Also, since I was planning to run for City Council the following November and knew my constituents would expect me to talk about the

case, I didn’t want to put myself in a position where I would have to worry that anything I said about my innocence and Sullivan’s frameup could be connected to the “evidence” and subject me to another arrest, jail time, and forfeiture of the bail bond. The third reason was that it seemed to me that they were asking me to give up my First Amendment rights which I would not do.

The action by McNeil put a lot of stress on my legal team which will be discussed in the next installment–What First Amendment?. At the same time, it opened the door for Council President Ross to dismiss the fact finder. Since the government was barring me from discussing

any of the evidence publicly, Ross reasoned that the fact finder would be similarly barred and therefore would have no ability to present

information to the Council about my alleged crime.  Looking ahead to the future, he proposed as part of the Council rules that if any Council member was convicted of a felony, the Council would have the right to meet and decide what action to take.

I supported Council President Ross’ position. Since he had dismissed the fact finder, I realized he needed something to appease those in

the court of public opinion who wanted my head. However, even if convicted I didn’t think that the Council had any authority to remove me from the Council. Under state law, only if convicted and sentenced to jail would I have to vacate the seat.  Nevertheless, the Council did remove me after my conviction.

An eminent, retired Boston lawyer, Chester Darling, based on his view that the Council had no legal right to remove me, volunteered to come

out of retirement to represent me and to challenge the Council’s action in federal court. Mark Wolf, Chief Justice of the Massachusetts

federal bench accepted the case but asked the Massachusetts Supreme Judicial Court (SJC) to give their opinion before he makes a ruling

since the case involves state election laws. We expect the SJC to have their hearing on the issue this October.

Before leaving this narrative of the Council aspect of my three year struggle, let me clarify that the Council as a body did not authorize any of Council President Feeney’s actions or seem to play a role in their development. The Council President’s only advisor in City Hall seemed to be Corporation Counsel Sinnott, the Mayor’s lawyer. In fact, I was very pleased with the fact that the the Councilors handled a difficult situation in a very professional manner. I never felt that the accusations against me stopped them or in fact City employees from working with me on the issues and concerns of my constituents.
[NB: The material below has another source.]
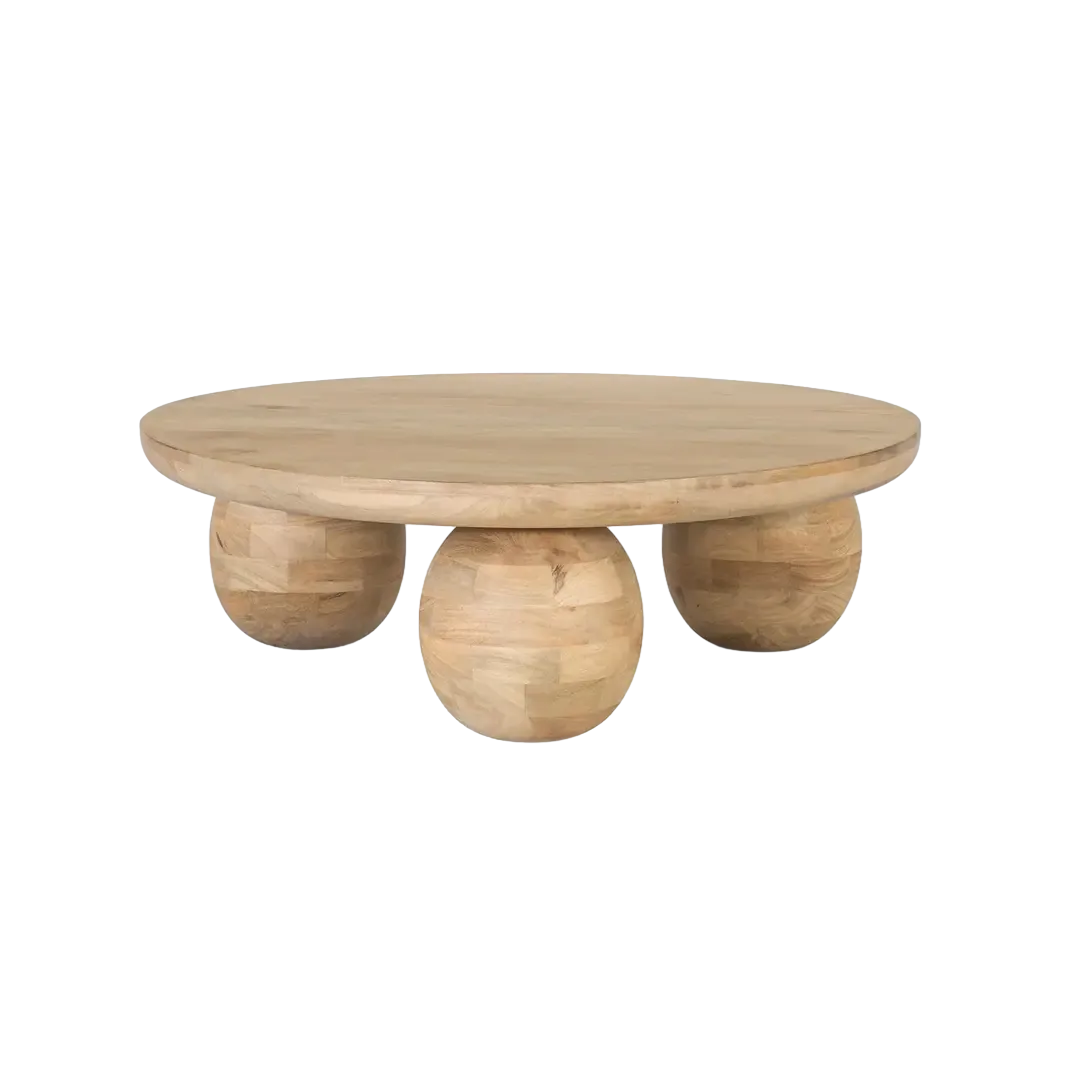 Mesa de centro Yara en madera de mango acabado natural estilo Japandi 90x90x30cm - Giner y Colomer - 2451GYC - foto-transparente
As expected, the three councilors of color, Charles Yancey, Felix Arroyo, and Sam Yoon were very supportive, continuing the process of

our working together as Team Unity. Initially, however, I was surprised by my periodic conversations with Steve Murphy, an at large

Councilor from Hyde Park. The first time we talked about the situation, he approached me and said that he really felt very sorry about what was happening. He said that his father who had been a policeman and prosecutor had told him that based on his experience, he thought that I was innocent and that he believed his father’s view.
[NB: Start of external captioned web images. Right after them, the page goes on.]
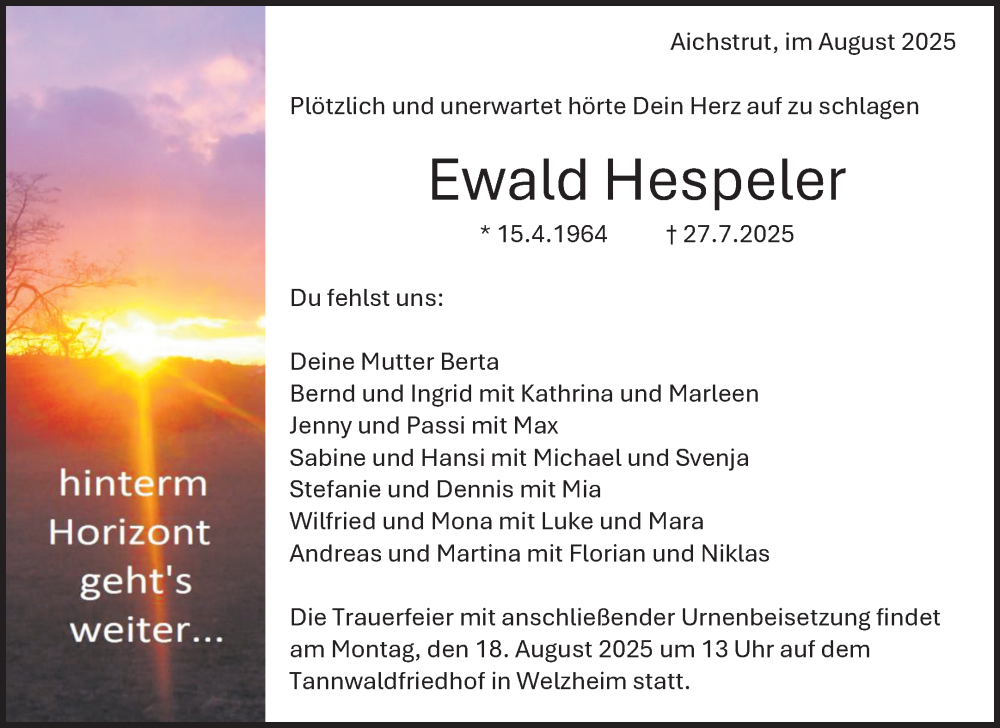  Traueranzeige für Ewald Hespeler vom 08.08.2025 aus Waiblinger Kreiszeitung
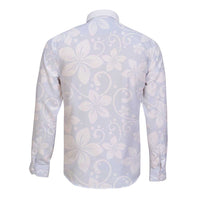 Plumeria Floral White Sunday Long Sleeve Button Shirt LT01 - Polynesian Pride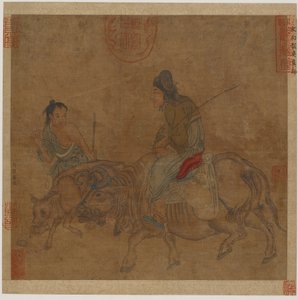 Stara kobieta na wołu, z pasterzem i cielęciem, prawdopodobnie dynastia Ming, 1368-1644. autorstwa Unbekannt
Steve and I had worked effectively together on some issues, especially discrimination against those with criminal records. We also had clashed on other issues. However, our interactions around my arrest and indictment seemed to rise above the day to day tension of Boston politics. We seemed to be able to make a human connection based on

what seemed to be an empathy he felt for my dilemma. In another conversation, he said that he knew I couldn’t have been involved in a conspiracy with the Senator because during the period of the alleged conspiracy, she refused to support his at large candidacy because he chaired a hearing I sponsored focusing negatively on her support for a dormitory Northeastern University wanted to build on land in our district.

B) Analysis:

1) Triple Teamed:

In installments two and three, I discussed how US prosecutors carry out doubling teaming. The most obviously instance is through their relationship with the media. As the prosecutors, they bring the

evidence to the grand jury, receive the indictments, and then go to court to begin the legal process. However, often before even getting

an indictment from the grand jury, they initiate the media process in the court of public opinion as they did in my case.
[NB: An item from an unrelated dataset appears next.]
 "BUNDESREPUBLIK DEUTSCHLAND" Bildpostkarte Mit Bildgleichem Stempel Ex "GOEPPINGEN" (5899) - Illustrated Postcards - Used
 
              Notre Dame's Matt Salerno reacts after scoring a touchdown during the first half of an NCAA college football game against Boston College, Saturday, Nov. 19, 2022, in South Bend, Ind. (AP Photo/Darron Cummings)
Thus the defendant finds himself or herself double teamed. In federal court, the defendant has to face the charges that are being brought by

prosecutors with all the weapons that they have at their disposal. While in the court of public opinion, the defendant has to face the constant barrage of publicity designed to convince the public of the person’s guilt long before the defendant has the ability to defend h/erself in federal court.

Yes, the judge will, when seating the jury, will try to screen out those who have formed opinions based upon the media or discussions with friends, colleagues, and/or coworkers. However, such screening is an imperfect process at best. In addition, the effect of all the negative publicity on the defendant can have a significantly negative effect on the defendants’ life and circumstances long before the trial

begins.

In my case, I was tripled teamed. Let me show you how the process unfolded by discussing again the day of my arrest. At 6:15 a.m., the first team, the US Attorney’s special police, the FBI, accompanied by Boston police officers, came to my office to arrest me. At 7:30, the second team went into action as the media spread the stories

throughout the city, state, and country that I had been arrested.

At 9:00, the quarterback, so to speak, of the first team, US Attorney Sullivan, went before the members of the second team, the media, who had been summoned to receive his statement and the “photographic evidence of my guilt” that would be spread around the nation immediately after the press conference. Thus even before my indictment, the first and second team had initiated a “full court press” so to speak focusing on my guilt.

At noon, the third team took the field as Boston City Council President announced to the members of second team that as President of the Council she was immediately suspending my City Council committee responsibilities and summoning me to an executive session of the Council on the next working day, Monday, November 24, 2008. This

obviously reinforced the idea in the minds of the public that I must be guilty. If the Council immediately was taking action, then they must have been aware of Turner’s corrupt activities even before his arrest.

What the public who heard her pronouncement didn’t know was that Council President Feeney had not conferred with other Council members before taking action. She had, however by her own later admission, discussed the issue with William Sinnott, the Mayor’s lawyer, known as the Corporation Counsel. It is also probable that they didn’t know that both Council President Feeney and the Mayor at the time of my arrest were also being investigated given their involvement with the efforts to obtain a liquor license for Wilburn.

My statement that I was triple teamed is based on my belief that Council President Feeney was working closely with the US Attorney’s office on the coordination of her actions against me. Given the role that Corporation Counsel Sinnott was playing with the Council President he would also have to be working with the US Attorney’s office. While I am sure that the Mayor was not working directly with Sullivan and his office, he certainly had to know what Sinnott and Feeney were doing. I will acknowledge that I don’t have photographic and telephonic evidence to present to support my belief. However, I do have what I consider strong circumstantial evidence, particularly relating to the Council President.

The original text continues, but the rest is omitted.